===== Dataset excerpt =====

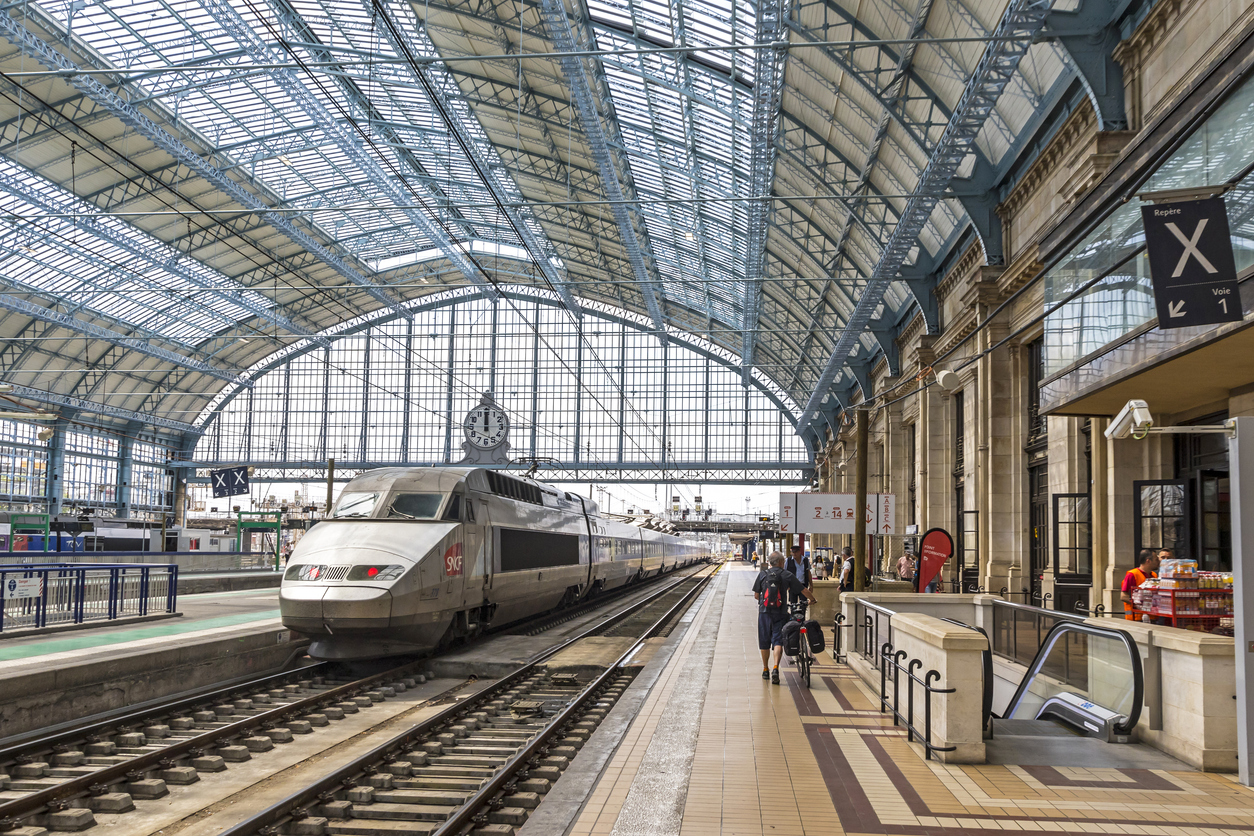 Un TGV entre à la gare Saint-Jean à Bordeaux. © iStock / katatonia82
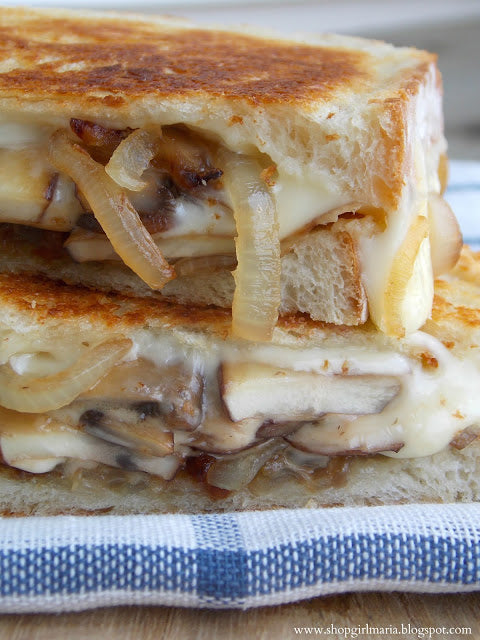 MUSHROOM & CARAMELIZED ONION GRILLED CHEESE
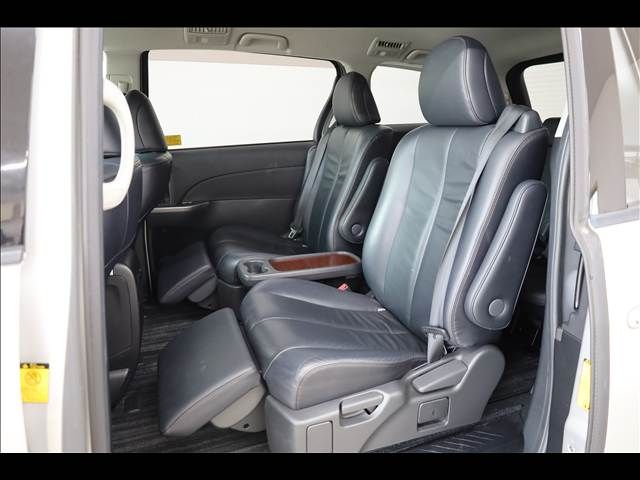 TOYOTA ESTIMA HYBRID 4WD 2013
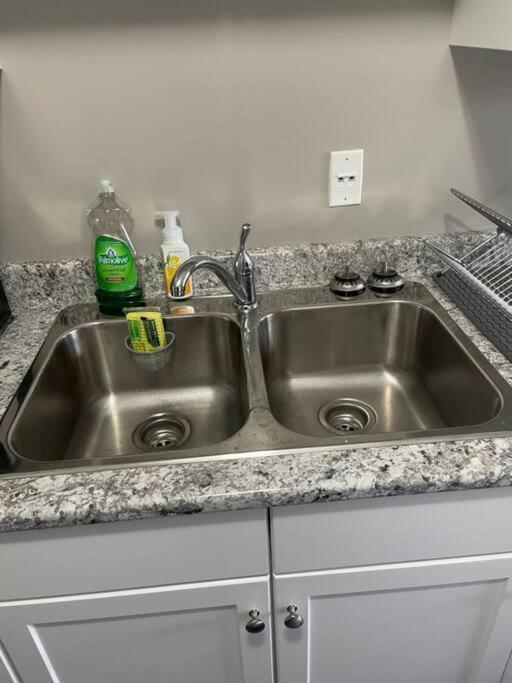 Wonderful 2-Bedroom Apartment 캠로즈 외부 사진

=====

▸ **Exercise directions**: Restate word for word the lines from the one with "TOYOTA ESTIMA HYBRID 4WD 2013" to the end of the material, both included. Do not include the pictures.

▸ **Answer space**:
 TOYOTA ESTIMA HYBRID 4WD 2013
 Wonderful 2-Bedroom Apartment 캠로즈 외부 사진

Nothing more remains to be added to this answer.